Insbesondere war sie wütend, weil sie keine Möglichkeit bekommen hatte, Stellung zu nehmen. Hier lag der Knackpunkt: Eine Pflicht, Betroffene Stellung nehmen zu lassen, gibt es nur für medienrechtlich Verantwortliche gem. MStV. Der Streit drehte sich also im Kern darum, ob die Internetseite der Bürgerplattform Schweinfurt als journalistisch-redaktionell gestalteter Blog eingestuft werden musste.

Urteil: Klage wird abgeschmettert

Das LG Schweinfurt wies die Klage als unbegründet zurück. Zunächst einmal habe der Artikel über Tatsachen berichtet, nicht über Gerüchte. Er richte sich nicht gegen die Amtsleiterin als Person, sondern ging es lediglich um eine Entscheidung der Generalstaatsanwaltschaft über eine Wiederaufnahme von Ermittlungen.

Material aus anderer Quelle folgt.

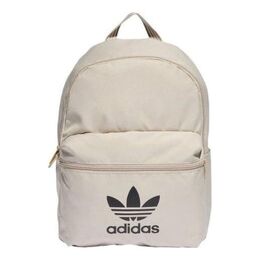 Рюкзак Adidas Adicolor Backpack 'Beige', бежевый il1963 | beige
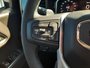2026 GMC Sierra 1500 ELEVATION-10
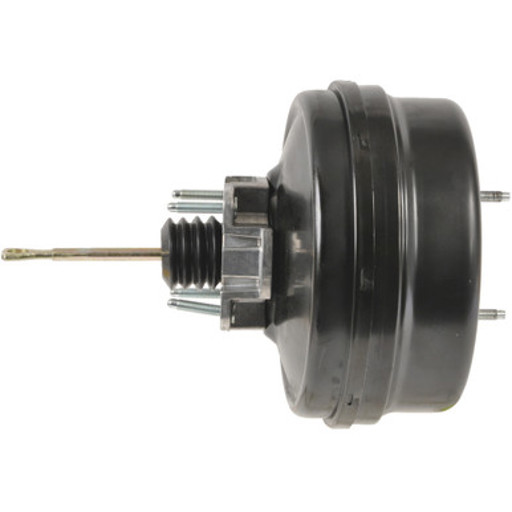 Power Brake Booster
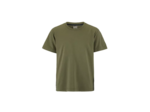 Community 2.0 tee jr rift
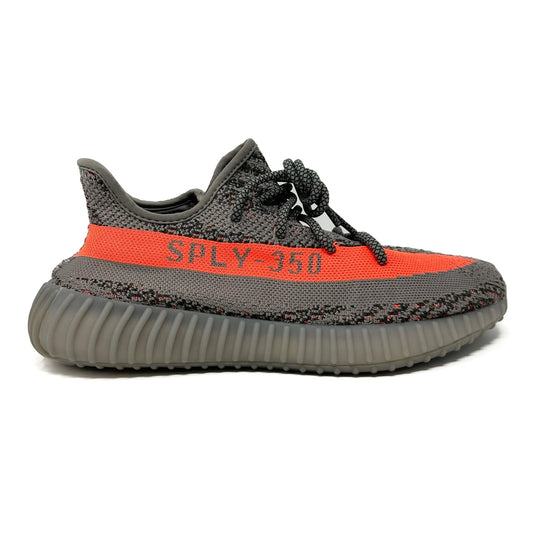 Yeezy - Cherry Picked Kicks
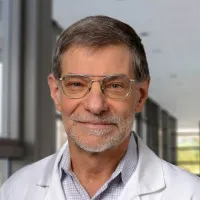 Dr. David R Lambert, MD - Columbus, OH - Dermatology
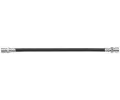 A.B.S. Brzdov hadice ABS SL 2470, SL 2470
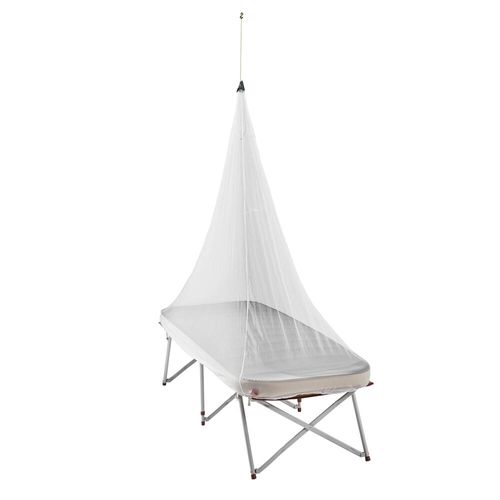 Travel-mosquito-net---1-person-no-size Travel-mosquito-net---1-person-no-size
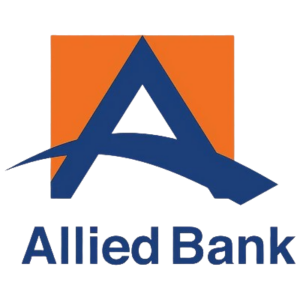 Allied Bank Logo Png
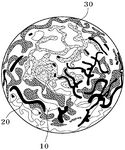 US2025118750A1-patent-drawing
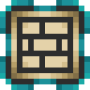 wall.png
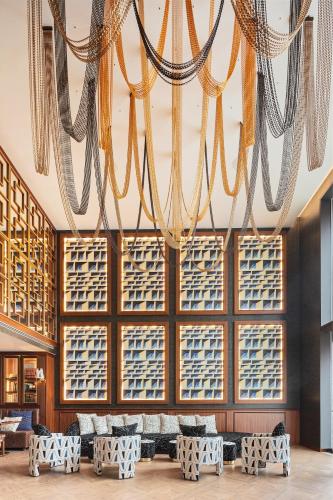 wine and books porto hotel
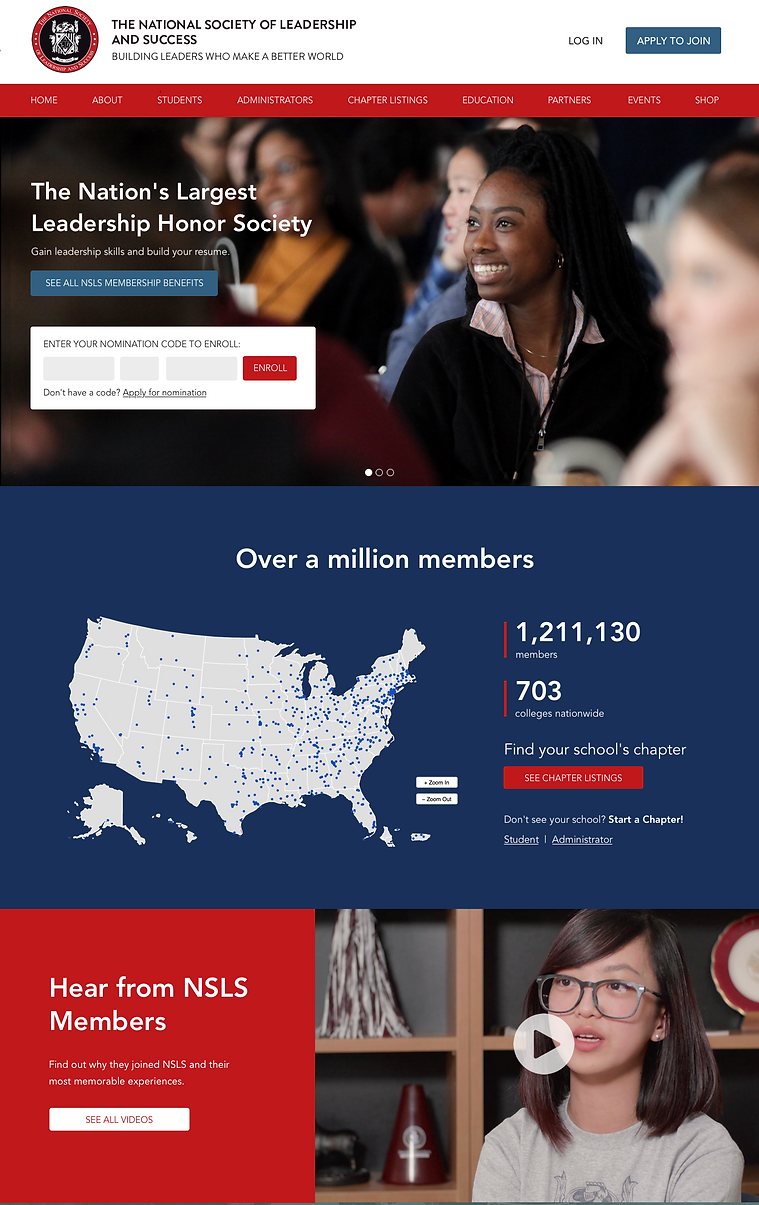 Homepage_desktop.png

Die Klage könnte also nur mit der unterlassenen Einholung einer Stellungnahme der Klägerin vor Veröffentlichung des Blog-Eintrags begründet werden. Bei der Internetseite sei jedoch kein hoher Grad an Professionalisierung der Arbeitsweise erkennbar. Vielmehr wurden in diesem Zeitraum eher zufällig wirkende Einträge eingestellt, die nicht den Eindruck eines hohen Grades an Professionalisierung der Arbeitsweise erwecken würden, wie dies bei einem journalistisch-redaktionell gestalteten Angebot zu erwarten wäre. Sondern stellten sie sich als Berichte über die eigene Tätigkeit der Bürgerplattform insbesondere aus Sicht des Beklagten dar.

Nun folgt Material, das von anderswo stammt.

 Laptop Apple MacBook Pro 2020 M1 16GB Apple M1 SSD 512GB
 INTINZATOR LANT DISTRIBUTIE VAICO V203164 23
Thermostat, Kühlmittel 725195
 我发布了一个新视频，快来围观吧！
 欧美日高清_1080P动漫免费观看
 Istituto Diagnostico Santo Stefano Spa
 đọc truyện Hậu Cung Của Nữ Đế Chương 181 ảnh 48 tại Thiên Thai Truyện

Den Einträgen fehle für den Leser klar erkennbar auch nur der Anschein von Objektivität, vielmehr wird durchgehend deutlich, dass diese aus Perspektive der Bürgerplattform und/oder des Beklagten verfasst sind, auch wenn vom Beklagten in der 3. Person gesprochen wurde. Angesichts der geringen Frequenz der Einträge und des Umstandes, dass nicht unbedingt nachvollziehbar erscheint, welche Umstände berichtenswert erscheinen und welche nicht, fehlt es aus Sicht eines Lesers auch an einem gewissen Grad an organisierter Verfestigung, der eine gewisse Kontinuität gewährleisten würde.

Nach einer Gesamtwürdigung der Umstände kam das LG Schweinfurt also zu dem Schluss, dass der Blog privater Natur war. Eine Anhörung war also nicht erforderlich. Man merkt an der Rechtsprechung aber, dass die Schwelle im Einzelfall auch schnell mal erreicht sein kann. Dann sollte man sich der Sorgfaltspflichten bewusst sein.